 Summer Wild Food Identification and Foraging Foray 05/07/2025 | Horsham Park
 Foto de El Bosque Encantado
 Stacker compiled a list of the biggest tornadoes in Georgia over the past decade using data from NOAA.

---

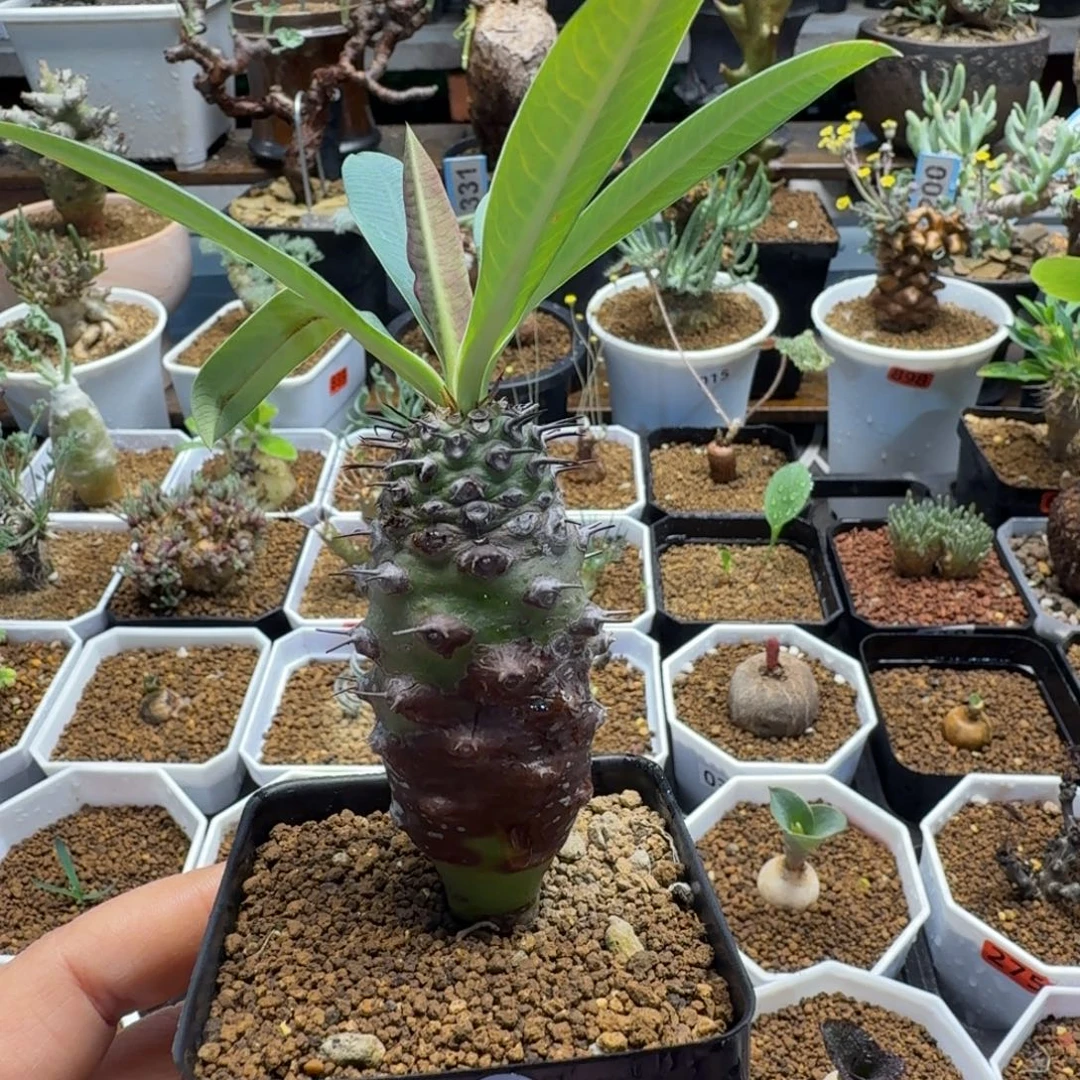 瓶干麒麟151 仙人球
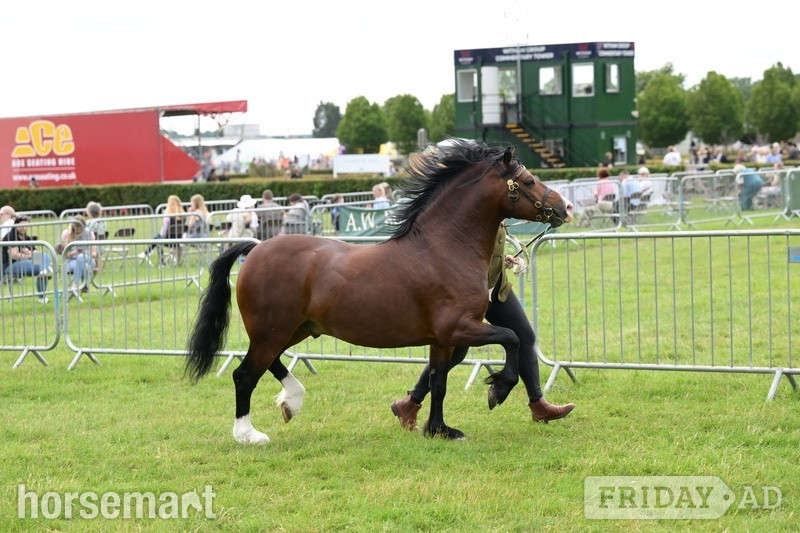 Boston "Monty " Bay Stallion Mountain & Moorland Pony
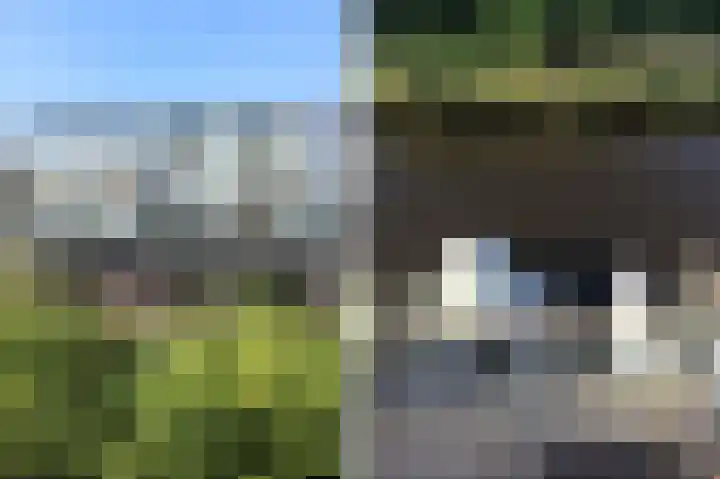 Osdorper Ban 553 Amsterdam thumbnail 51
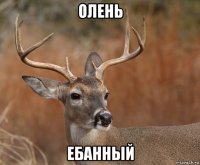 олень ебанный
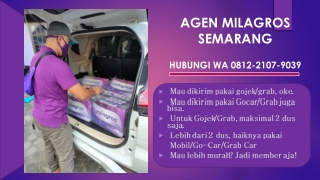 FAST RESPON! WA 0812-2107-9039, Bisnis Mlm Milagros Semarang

### TRY IT
Make an exact copy of the lines above, beginning with the line with "瓶干麒麟151 仙人球" and ending with the line with "FAST RESPON! WA", and keep the pictures out of it.

### WORKED SOLUTION
 瓶干麒麟151 仙人球
 Boston "Monty " Bay Stallion Mountain & Moorland Pony
 Osdorper Ban 553 Amsterdam thumbnail 51
 олень ебанный
 FAST RESPON! WA 0812-2107-9039, Bisnis Mlm Milagros Semarang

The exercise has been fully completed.